[Data records — start]

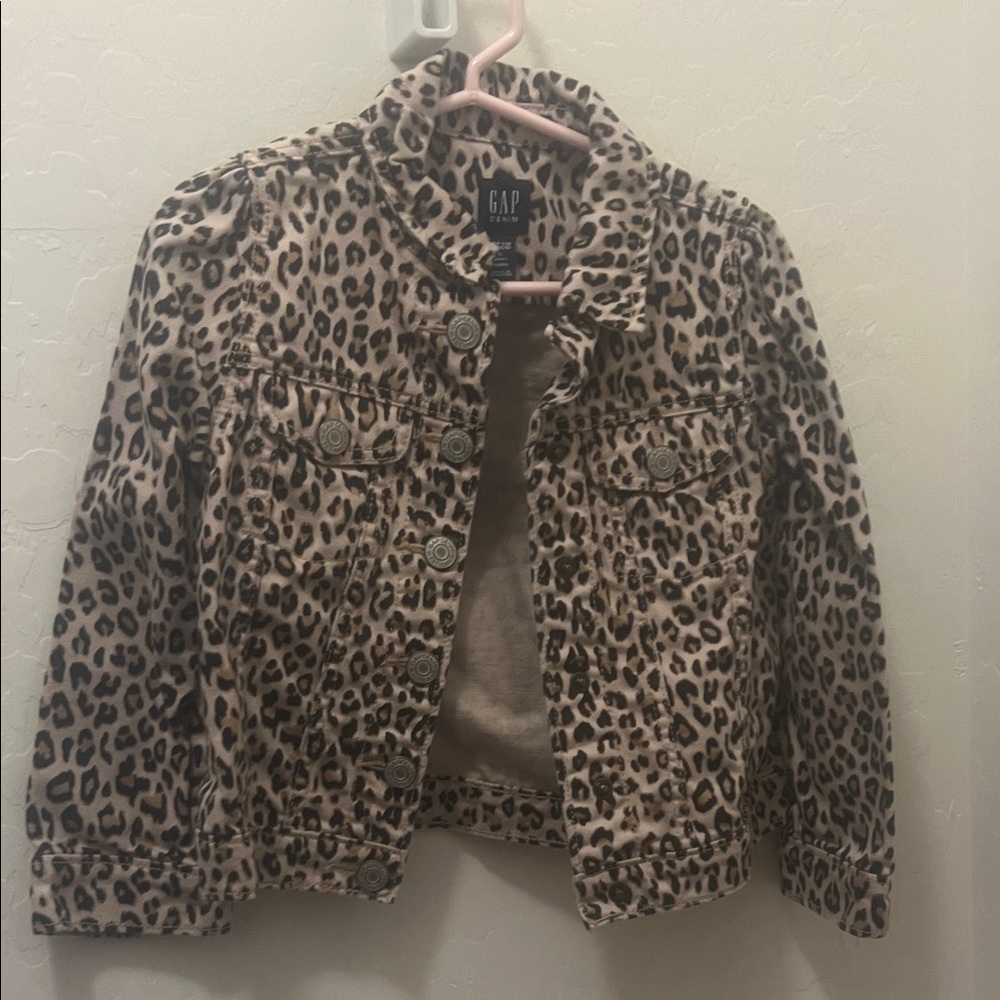 GAP Girls Animal Print Jacket in Brown and Black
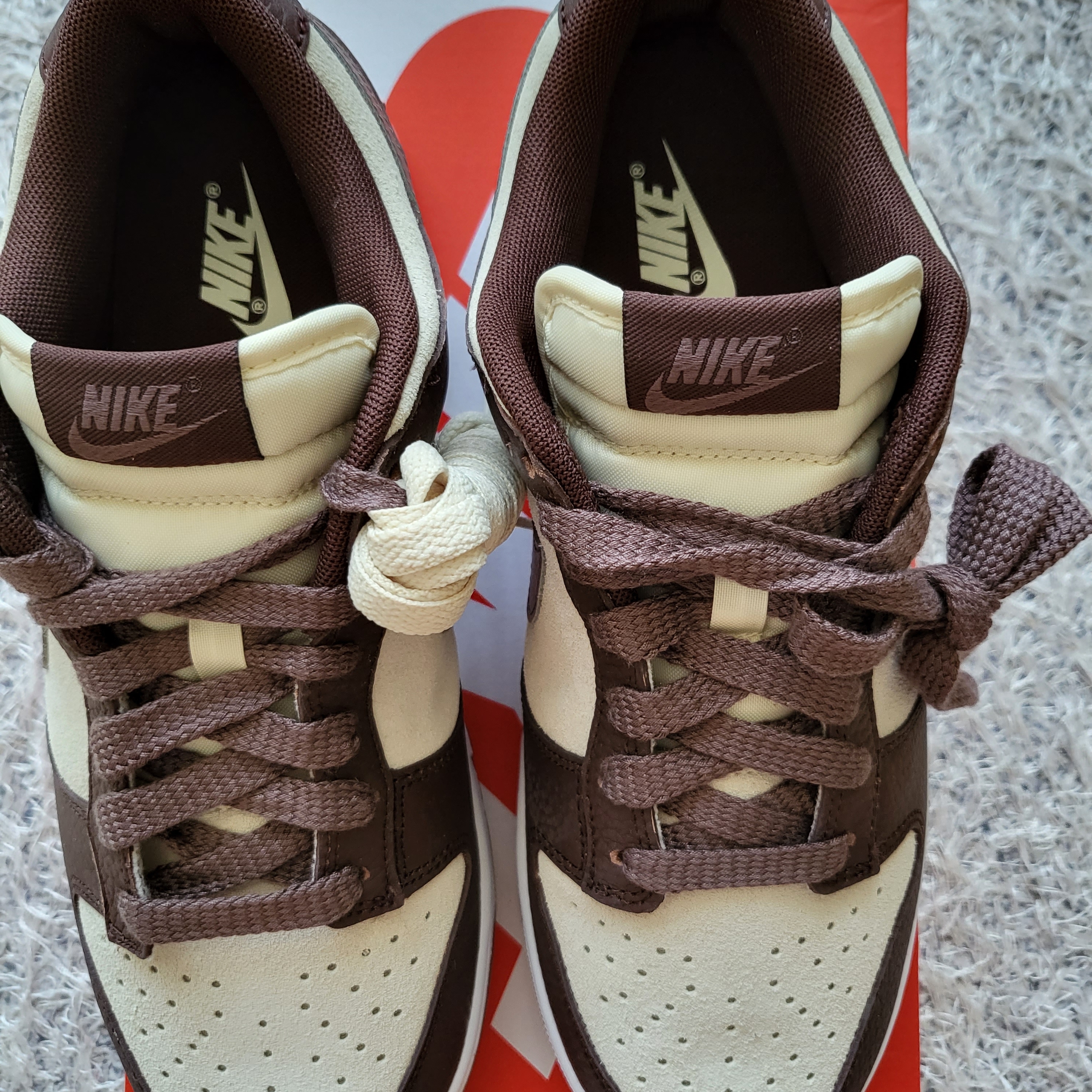 (W) Nike Dunk Low Coconut Milk Plum Eclipse 착용 스타일 - 4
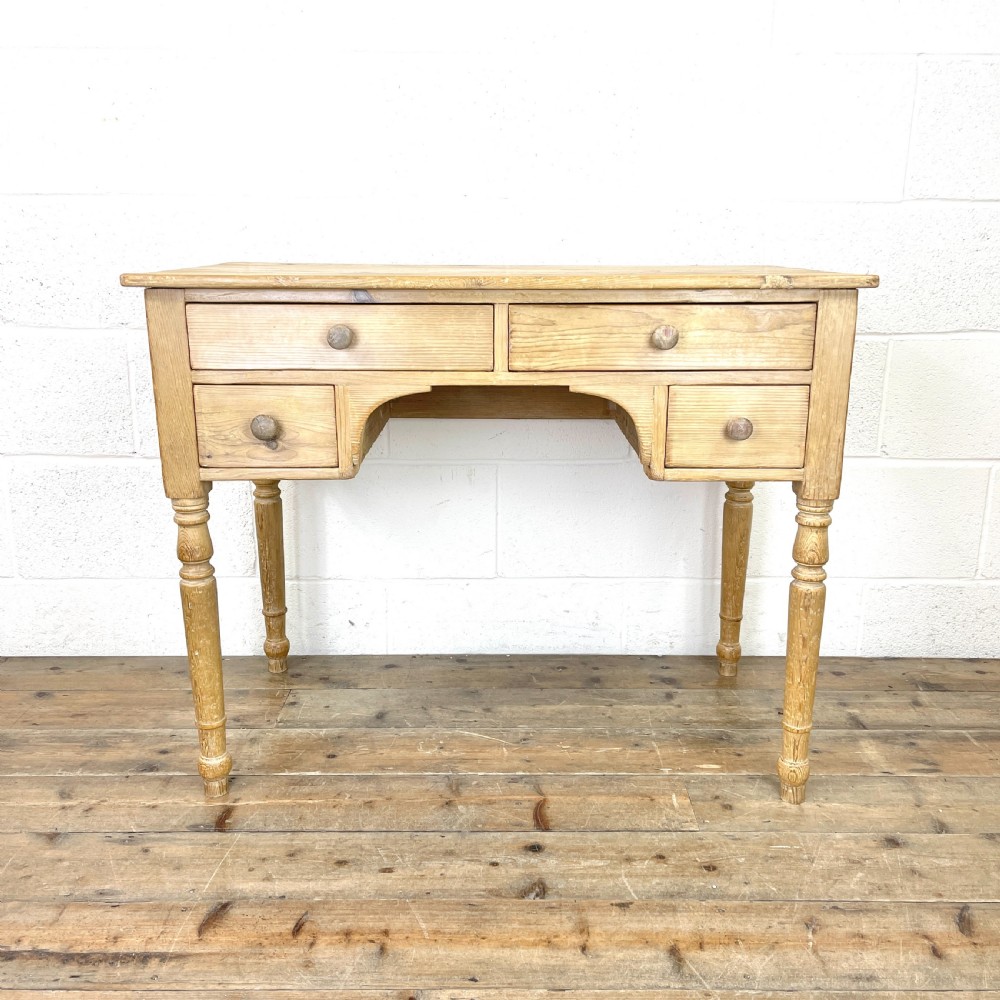 Antique Pine Side Table 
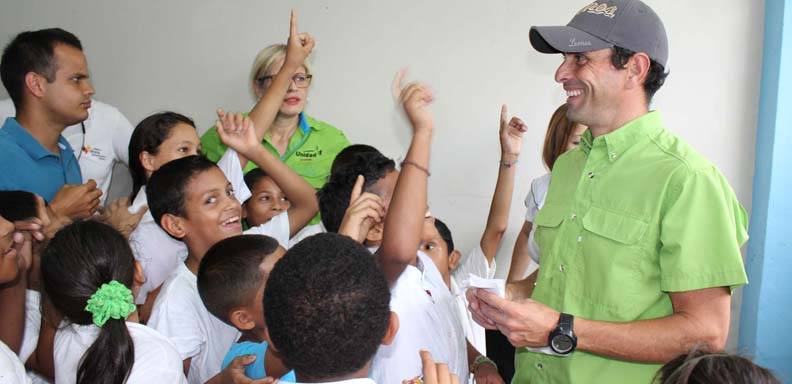 Capriles: Hasta 500% subieron los útiles escolares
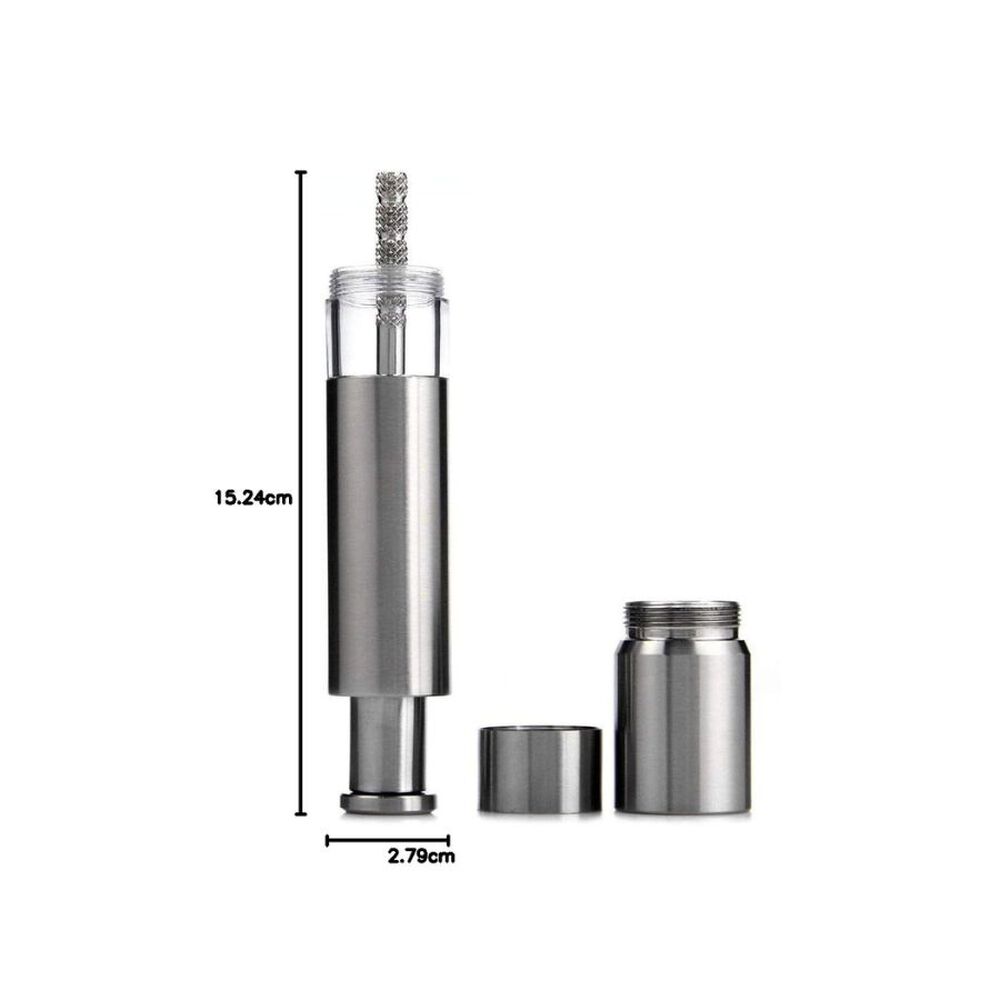 Molinillo De Pimienta Pimentero A Piston Acero Inoxidable image number 3.0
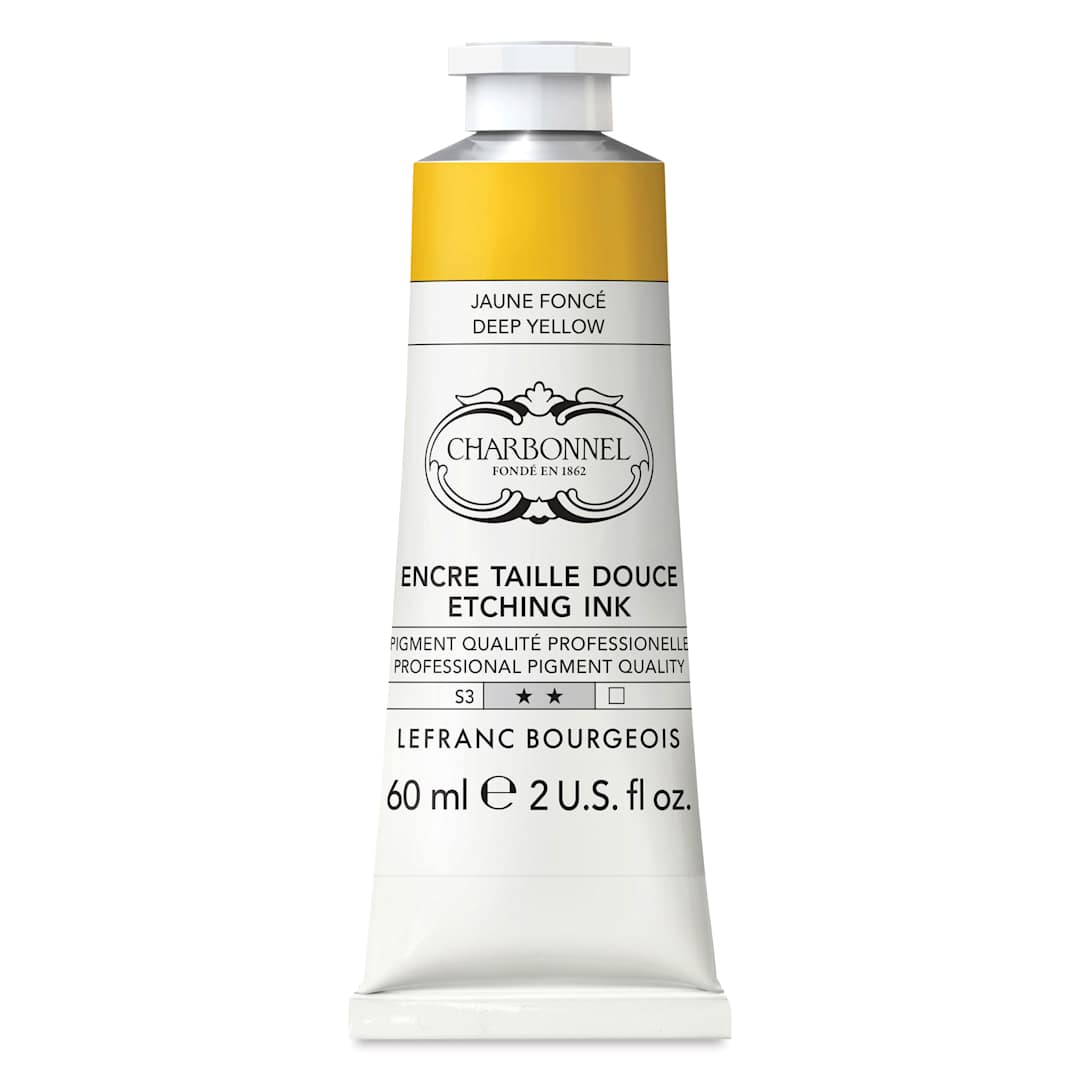 Open in modal - Charbonnel Etching Ink - Deep Yellow, 60 ml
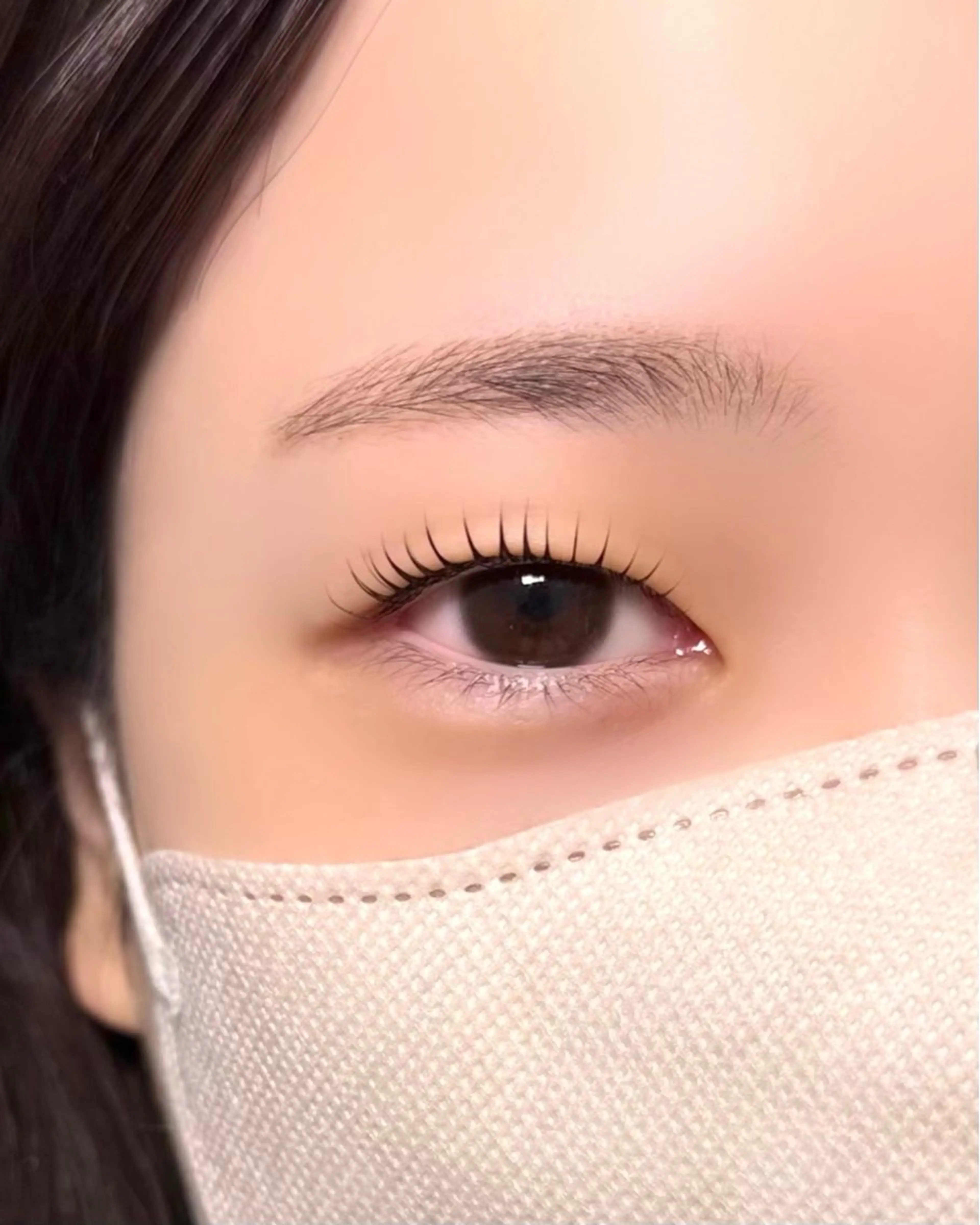 マツエク・マツパ まつげパーマ 一重×まつ毛パーマ salonAiles 【エル】SASAMEのマツエク・マツパデザイン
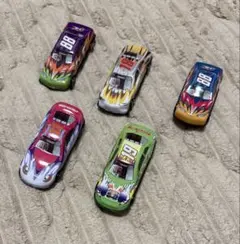 トミカ　レーシングミニカー5台　美品 トミカ レーシングミニカー5台 美品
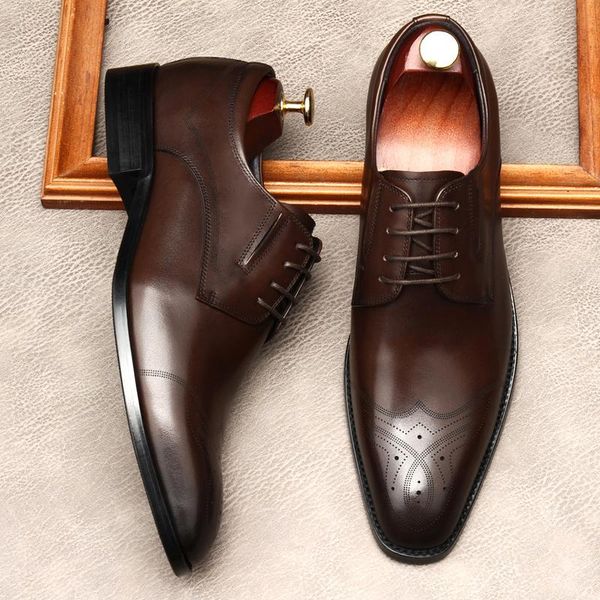 dress shoes handmade men genuine leather italian design black coffee color hand-polished square head wedding
dress shoes handmade men genuine leather italian design black coffee color hand-polished square head wedding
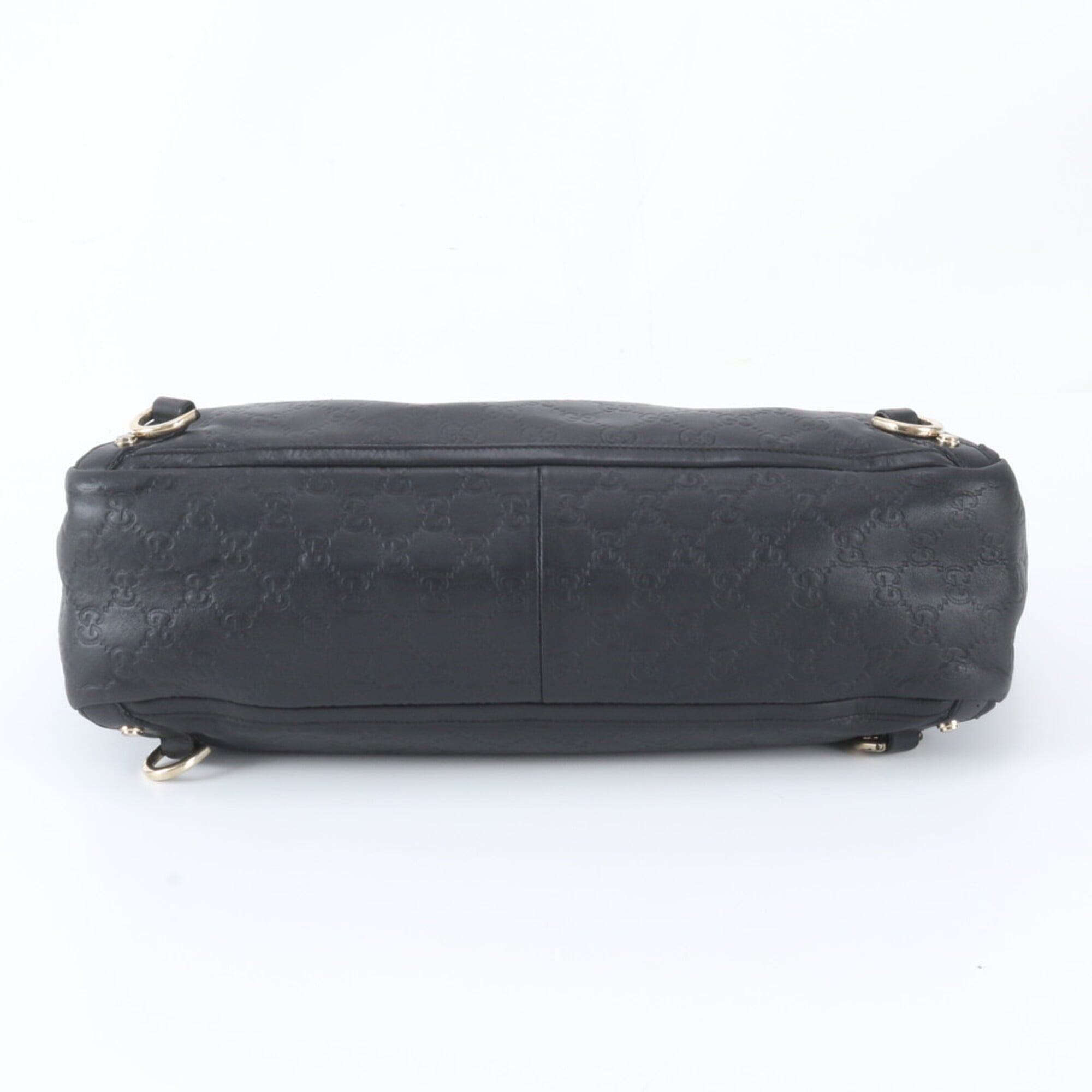 Gucci Abbey Black Leather Handbag Tote Bag (Pre-Owned)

[Data records — finish]

Exercise brief:
From the first record to the last, transcribe everything exactly but drop the pictures.

Task solution:
 GAP Girls Animal Print Jacket in Brown and Black
 (W) Nike Dunk Low Coconut Milk Plum Eclipse 착용 스타일 - 4
 Antique Pine Side Table 
 Capriles: Hasta 500% subieron los útiles escolares
 Molinillo De Pimienta Pimentero A Piston Acero Inoxidable image number 3.0
 Open in modal - Charbonnel Etching Ink - Deep Yellow, 60 ml
 マツエク・マツパ まつげパーマ 一重×まつ毛パーマ salonAiles 【エル】SASAMEのマツエク・マツパデザイン
 トミカ　レーシングミニカー5台　美品 トミカ レーシングミニカー5台 美品
 dress shoes handmade men genuine leather italian design black coffee color hand-polished square head wedding
dress shoes handmade men genuine leather italian design black coffee color hand-polished square head wedding
 Gucci Abbey Black Leather Handbag Tote Bag (Pre-Owned)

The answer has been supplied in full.